Academic cardiovascular divisions have also traditionally had a monopoly on investigational drugs, biologics and devices. They used superspecialized physicians possessing a unique knowledge base compared with the community, but this expertise has become more readily available. Investigational device, drug and biologic sponsors have found enrollment of patients at times easier in the community hospital with lower overhead, fewer bureaucratic impediments and more ready access to patients and have moved their studies to these new partners who have physicians of comparable expertise.

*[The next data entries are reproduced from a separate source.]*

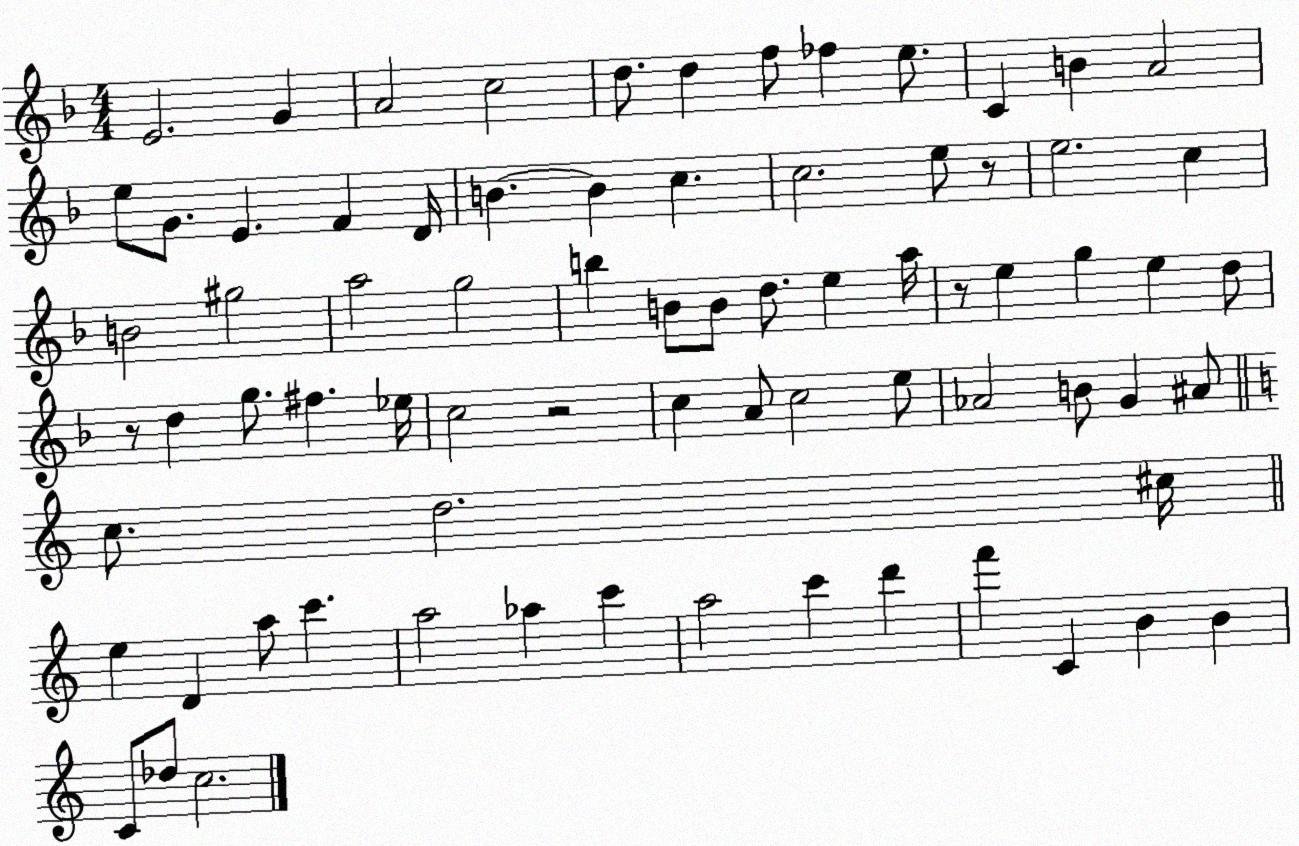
X:1
T:Untitled
M:4/4
L:1/4
K:F
E2 G A2 c2 d/2 d f/2 _f e/2 C B A2 e/2 G/2 E F D/4 B B c c2 e/2 z/2 e2 c B2 ^g2 a2 g2 b B/2 B/2 d/2 e a/4 z/2 e g e d/2 z/2 d g/2 ^f _e/4 c2 z2 c A/2 c2 e/2 _A2 B/2 G ^A/2 c/2 d2 ^c/4 e D a/2 c' a2 _a c' a2 c' d' f' C B B C/2 _d/2 c2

In the next decade, academic cardiovascular programs must pursue business-like practices and compete aggressively within the market if the traditional mission is to be sustained. Such competition should be in partnership with other colleagues within the academic medical center or in community hospitals. They must restructure relationships within and outside the academic medical center to meet these challenges. This will require modification in external relationships as well as internal organization summarized as follows:

    External relationships.
  • Multidisciplinary integration of programs and personnel that may not always be in the division of cardiology or departments of medicine/pediatrics aligned with product line services.
  • Effective integration/coordination with nonacademic colleagues to accomplish teaching, research and patient care, redrawing the boundaries of academic cardiovascular programs.
  • Effective relationships fostered by mutual respect of individual contributions to a joint purpose, where financial relationships may be but one component of this relationship.
  • Reconnect with primary patient populations through excellence of clinical products and fiscally sound relationships.

Internal restructuring.

  • Development of cardiovascular units to include personnel and programs separate from the departments of medicine/pediatrics whose fiscal and governing structure optimizes the likelihood of success.
  • Leveraging intellectual capital by developing new or more effective business products (e.g., disease management, faculty-owned companies or an expanded model of clinical research).
  • Active support for development of clinical performance measures and outcomes that result in benchmarks.

This report will assess these opportunities, recognizing the variation in needs from community to community. Such long-term restructuring of academic cardiovascular programs will be central to the success of all cardiovascular specialists and will improve the access of all patients to the best cardiovascular care.